One of our client is having an DW environment, where
300mb of weekly incremental data is applied every week to the
Data warehousing environment.
They do the below steps,
Download the data which is in the form of Dump.
ETL,(17 procedures are running) which is running for 35 hours.
( The experts of the project who were supporting this told
the time taken is correct, but we doubt.)
Cube building --RUnning for 12 hours.
Every week they are doing the above procedure.
Database -- Oracle 8i.
Since We are new to data warehousing environment and we
were asked to look into this, we need advices from experts
about the job running for long hours. We think they are doing
the entire rebuilding instead of applying the incremental data
into the required format.
I am sure that I will get immediate reply from Slimdave / Tamil..if they available.
I have designed a DW setup before that cut the usual whole process of loading new data to the DW server, regenerate the cube to up to 400%.

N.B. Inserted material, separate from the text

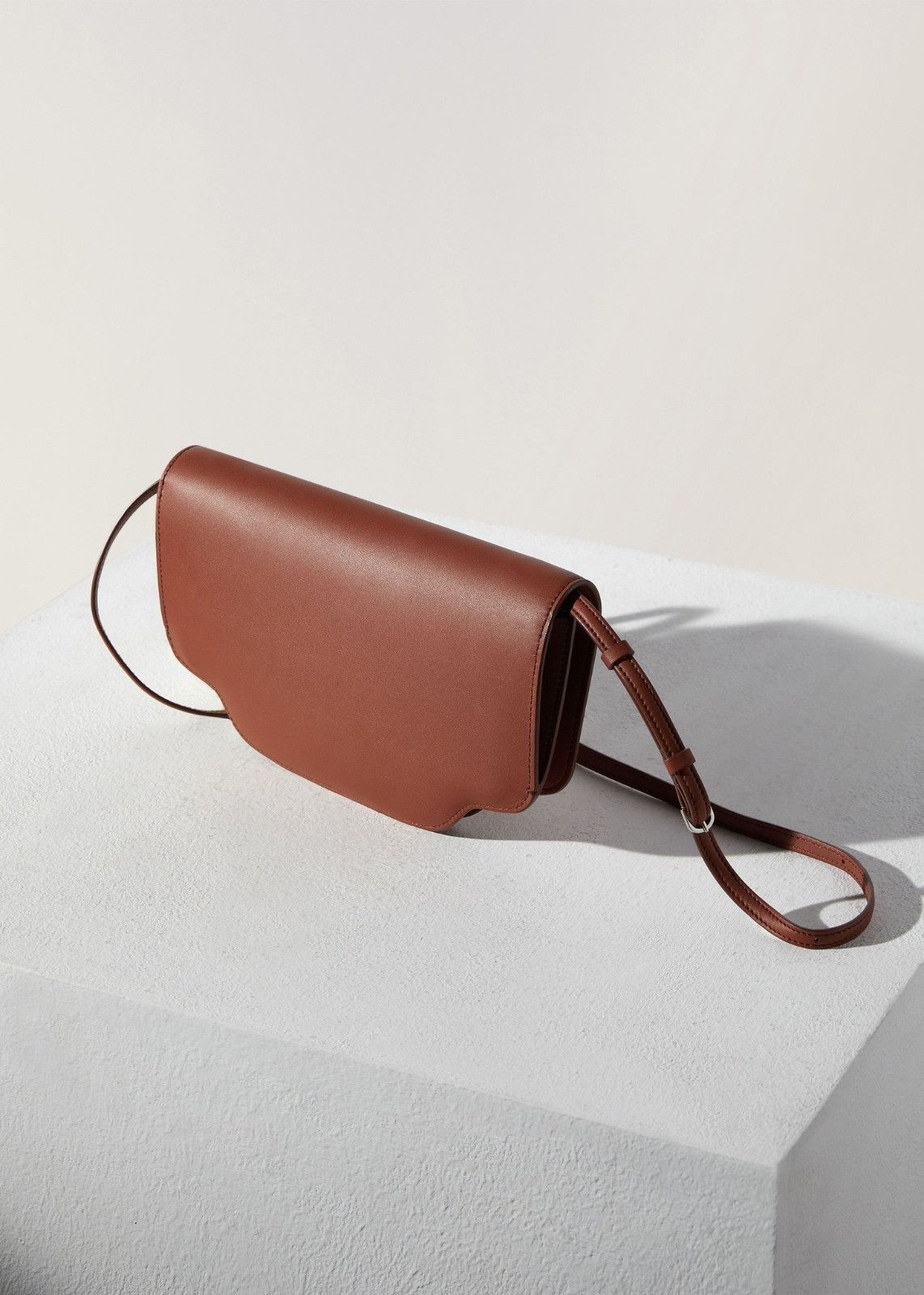 Loro Piana o1srvl11e0924 Size: / OS Sesia Clutch Purse in Brick Red Size ONE SIZE - 3 Thumbnail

Here is what I did, create a dummy database that its only purpose is to load new data anytime as long as the new data(either dump, data from other db server, etc.) is available. After the new data are loaded, when DW DB server is available for use, retrieve all new data from the dummy server using dblink and then update the date range of the cubes(discover in my case at that time) for regenerating/updating the cube. And then truncate again all data from dummy server.
So, users still enjoy the use of the DW server, while the dummy database uploads the new data. And I do it every night.